Personal, archives:
an exercise on emotional archaeologies
Invited to work with the collection of the photographer Marc Vaux (a collection of 127,000 photographs, featuring more than 5,000 listed artists and 11,000 boxes of glass plate negatives) Euridice Zaituna Kala has herself become the archive. Euridice has enthusiastically taken on this new role by searching for familiar figures from her memories and personal set of references: Josephine Baker, James Baldwin, her father Getúlio Mario Kala...
Kala’s glasswork allows her to develop a quasi-physical connection with Vaux’s archive, by reusing the material the photographer used to create the images in his collection.
By becoming the archive, Euridice gathers, sorts and interprets information according to its affective value rather than its historical relevance. Becoming the archive means reclaiming power by writing history free of institutional norms.

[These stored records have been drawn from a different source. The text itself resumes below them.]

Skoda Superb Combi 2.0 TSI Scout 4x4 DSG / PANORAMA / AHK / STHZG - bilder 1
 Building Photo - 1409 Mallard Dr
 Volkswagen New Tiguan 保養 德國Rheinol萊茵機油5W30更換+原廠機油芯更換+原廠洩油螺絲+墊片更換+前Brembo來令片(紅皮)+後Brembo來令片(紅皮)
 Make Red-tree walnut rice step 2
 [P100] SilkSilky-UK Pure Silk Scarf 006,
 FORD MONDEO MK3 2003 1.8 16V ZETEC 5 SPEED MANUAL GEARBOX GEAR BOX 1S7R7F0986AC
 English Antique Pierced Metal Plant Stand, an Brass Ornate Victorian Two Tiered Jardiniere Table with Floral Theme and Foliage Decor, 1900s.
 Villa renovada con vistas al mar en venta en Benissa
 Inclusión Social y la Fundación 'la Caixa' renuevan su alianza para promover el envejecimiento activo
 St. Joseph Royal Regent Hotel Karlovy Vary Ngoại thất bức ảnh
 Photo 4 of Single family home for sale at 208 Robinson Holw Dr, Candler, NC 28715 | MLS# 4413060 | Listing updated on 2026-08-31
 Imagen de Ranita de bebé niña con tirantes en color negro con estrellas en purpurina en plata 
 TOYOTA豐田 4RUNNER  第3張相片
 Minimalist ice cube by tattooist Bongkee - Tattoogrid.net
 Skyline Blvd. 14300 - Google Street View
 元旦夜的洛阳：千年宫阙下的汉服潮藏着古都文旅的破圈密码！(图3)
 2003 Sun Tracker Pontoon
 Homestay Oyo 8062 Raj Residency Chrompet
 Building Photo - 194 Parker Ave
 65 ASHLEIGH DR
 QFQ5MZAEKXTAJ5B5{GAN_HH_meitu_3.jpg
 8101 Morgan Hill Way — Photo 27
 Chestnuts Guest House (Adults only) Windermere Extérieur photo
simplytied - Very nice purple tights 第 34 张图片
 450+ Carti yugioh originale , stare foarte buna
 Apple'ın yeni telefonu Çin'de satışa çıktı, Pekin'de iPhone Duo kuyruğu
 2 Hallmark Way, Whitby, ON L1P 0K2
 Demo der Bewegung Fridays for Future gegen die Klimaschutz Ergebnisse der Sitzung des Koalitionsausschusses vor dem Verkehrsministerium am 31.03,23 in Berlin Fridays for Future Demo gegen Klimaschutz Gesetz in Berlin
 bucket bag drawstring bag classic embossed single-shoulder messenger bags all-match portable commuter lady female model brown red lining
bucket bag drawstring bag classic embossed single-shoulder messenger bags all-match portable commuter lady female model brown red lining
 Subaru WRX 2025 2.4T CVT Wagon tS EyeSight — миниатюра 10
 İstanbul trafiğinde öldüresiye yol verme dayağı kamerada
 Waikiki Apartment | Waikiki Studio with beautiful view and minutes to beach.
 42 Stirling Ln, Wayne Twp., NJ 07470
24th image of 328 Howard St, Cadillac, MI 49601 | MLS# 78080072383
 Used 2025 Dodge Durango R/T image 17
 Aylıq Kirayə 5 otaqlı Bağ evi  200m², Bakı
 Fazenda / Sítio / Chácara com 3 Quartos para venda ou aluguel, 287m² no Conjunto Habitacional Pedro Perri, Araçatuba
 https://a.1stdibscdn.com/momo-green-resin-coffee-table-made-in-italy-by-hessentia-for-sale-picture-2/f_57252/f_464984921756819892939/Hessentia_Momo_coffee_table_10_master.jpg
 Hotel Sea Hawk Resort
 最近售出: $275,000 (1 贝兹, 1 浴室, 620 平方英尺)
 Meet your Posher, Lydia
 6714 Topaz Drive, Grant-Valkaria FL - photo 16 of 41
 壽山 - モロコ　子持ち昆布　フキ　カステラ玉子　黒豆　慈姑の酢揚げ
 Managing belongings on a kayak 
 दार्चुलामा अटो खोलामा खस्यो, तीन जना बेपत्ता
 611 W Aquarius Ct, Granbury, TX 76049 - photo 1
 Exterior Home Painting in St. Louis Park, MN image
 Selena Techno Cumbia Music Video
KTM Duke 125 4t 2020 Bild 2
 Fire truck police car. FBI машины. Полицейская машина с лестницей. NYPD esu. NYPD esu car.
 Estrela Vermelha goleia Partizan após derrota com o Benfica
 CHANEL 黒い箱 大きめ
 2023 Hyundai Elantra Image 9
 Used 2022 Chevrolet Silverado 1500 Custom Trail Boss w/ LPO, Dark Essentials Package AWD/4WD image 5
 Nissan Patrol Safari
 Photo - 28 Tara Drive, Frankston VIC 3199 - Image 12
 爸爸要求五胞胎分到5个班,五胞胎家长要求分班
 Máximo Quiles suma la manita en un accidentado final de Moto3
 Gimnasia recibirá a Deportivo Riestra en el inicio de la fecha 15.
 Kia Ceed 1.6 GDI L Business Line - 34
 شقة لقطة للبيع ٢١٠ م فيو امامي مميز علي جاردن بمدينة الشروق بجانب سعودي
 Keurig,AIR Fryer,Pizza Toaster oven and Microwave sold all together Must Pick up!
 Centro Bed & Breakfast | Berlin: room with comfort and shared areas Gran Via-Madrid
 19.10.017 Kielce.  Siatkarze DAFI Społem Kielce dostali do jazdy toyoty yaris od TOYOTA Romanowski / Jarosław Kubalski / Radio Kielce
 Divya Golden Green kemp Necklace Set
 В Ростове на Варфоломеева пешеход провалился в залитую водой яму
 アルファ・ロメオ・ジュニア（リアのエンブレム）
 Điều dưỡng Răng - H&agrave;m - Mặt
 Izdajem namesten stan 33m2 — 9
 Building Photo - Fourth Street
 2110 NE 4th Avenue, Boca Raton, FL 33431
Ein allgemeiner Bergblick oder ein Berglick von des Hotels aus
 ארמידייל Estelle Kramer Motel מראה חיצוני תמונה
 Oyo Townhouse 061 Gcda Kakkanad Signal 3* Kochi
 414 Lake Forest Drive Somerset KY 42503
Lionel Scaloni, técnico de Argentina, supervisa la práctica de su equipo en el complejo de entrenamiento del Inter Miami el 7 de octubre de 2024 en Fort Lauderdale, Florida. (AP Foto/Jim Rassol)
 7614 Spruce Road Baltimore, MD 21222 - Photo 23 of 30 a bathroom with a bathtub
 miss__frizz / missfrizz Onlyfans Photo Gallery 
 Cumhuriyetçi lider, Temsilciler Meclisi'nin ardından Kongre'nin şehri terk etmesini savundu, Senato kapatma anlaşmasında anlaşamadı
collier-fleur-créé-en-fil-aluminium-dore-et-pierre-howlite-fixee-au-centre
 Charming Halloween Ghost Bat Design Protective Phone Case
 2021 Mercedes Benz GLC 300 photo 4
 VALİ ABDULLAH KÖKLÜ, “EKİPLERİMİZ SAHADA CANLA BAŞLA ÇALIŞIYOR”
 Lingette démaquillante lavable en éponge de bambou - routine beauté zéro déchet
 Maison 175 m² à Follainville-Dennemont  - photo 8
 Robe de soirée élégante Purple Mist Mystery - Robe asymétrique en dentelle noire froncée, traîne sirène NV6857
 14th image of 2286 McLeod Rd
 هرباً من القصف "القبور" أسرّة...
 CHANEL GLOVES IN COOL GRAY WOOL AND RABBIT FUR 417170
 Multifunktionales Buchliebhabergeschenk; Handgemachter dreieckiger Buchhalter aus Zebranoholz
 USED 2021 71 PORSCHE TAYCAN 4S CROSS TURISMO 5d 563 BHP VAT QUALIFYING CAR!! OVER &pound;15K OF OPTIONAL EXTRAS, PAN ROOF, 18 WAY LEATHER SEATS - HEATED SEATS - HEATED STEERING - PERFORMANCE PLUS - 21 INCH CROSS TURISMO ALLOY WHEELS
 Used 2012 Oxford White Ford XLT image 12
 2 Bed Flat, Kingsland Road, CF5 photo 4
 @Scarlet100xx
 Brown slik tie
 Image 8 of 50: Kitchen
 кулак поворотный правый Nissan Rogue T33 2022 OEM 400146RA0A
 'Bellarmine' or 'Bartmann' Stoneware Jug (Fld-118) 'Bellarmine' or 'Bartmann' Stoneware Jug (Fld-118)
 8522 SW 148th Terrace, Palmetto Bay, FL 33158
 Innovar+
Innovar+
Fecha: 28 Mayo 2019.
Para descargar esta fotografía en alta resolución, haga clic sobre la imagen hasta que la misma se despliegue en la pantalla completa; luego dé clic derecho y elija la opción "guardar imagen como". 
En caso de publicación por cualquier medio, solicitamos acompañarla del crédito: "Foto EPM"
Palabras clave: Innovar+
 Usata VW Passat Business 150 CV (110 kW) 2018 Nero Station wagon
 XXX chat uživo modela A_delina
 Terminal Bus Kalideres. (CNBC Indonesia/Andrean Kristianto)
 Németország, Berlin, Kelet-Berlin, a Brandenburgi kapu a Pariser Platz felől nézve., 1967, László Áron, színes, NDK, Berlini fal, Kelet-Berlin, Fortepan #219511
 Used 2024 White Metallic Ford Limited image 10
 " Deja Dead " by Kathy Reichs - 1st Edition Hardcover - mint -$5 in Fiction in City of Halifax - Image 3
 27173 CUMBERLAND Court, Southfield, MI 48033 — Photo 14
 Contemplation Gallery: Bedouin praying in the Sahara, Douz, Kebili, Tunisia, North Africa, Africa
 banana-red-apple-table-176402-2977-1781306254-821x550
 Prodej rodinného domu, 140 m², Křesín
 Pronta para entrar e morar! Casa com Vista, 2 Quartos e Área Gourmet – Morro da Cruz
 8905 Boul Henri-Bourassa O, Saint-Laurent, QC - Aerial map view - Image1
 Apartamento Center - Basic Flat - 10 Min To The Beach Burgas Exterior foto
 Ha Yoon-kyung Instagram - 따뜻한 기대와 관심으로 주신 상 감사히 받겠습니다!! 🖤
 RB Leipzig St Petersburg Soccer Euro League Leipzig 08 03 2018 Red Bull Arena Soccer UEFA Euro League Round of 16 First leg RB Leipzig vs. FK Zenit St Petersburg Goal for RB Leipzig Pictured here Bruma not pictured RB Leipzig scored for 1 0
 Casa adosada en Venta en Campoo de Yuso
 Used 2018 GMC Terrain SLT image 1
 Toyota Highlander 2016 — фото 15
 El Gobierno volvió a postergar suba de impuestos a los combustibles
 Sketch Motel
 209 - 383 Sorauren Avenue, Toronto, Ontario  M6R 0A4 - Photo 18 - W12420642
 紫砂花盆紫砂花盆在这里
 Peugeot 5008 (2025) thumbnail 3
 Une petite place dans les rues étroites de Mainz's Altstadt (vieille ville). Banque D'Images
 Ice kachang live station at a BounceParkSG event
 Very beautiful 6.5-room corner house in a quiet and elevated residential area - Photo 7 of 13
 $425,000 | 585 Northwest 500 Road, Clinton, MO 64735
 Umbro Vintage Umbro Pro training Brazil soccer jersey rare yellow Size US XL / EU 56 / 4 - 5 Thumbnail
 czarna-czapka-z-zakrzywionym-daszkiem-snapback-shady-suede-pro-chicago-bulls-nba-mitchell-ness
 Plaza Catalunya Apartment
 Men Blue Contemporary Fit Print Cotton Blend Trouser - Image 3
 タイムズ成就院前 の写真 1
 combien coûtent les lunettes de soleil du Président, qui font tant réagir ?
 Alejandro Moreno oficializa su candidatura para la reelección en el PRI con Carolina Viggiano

The artist was drawn to familiar bodies which resembled her own. Euridice reflected on these bodies’ presence in these photographs and their absence from the archives from which monolithic narratives of modern art have been constructed. Rather than reproducing these photographs in her exhibition, the artist instead chose to use narration to draw attention to the bodies frozen and framed in these images – trapped by the projections and fantasies of others.
Kala also interested in absent images: those that have gone missing, those never taken by Marc Vaux, those that have never been located. Who misses these missing images? How did they go missing? Do they exist somewhere else other than in the Vaux photographs? Euridice demonstrates that, like any archive, the Vaux collection is defined by its creator’s subjectivity and material constraints.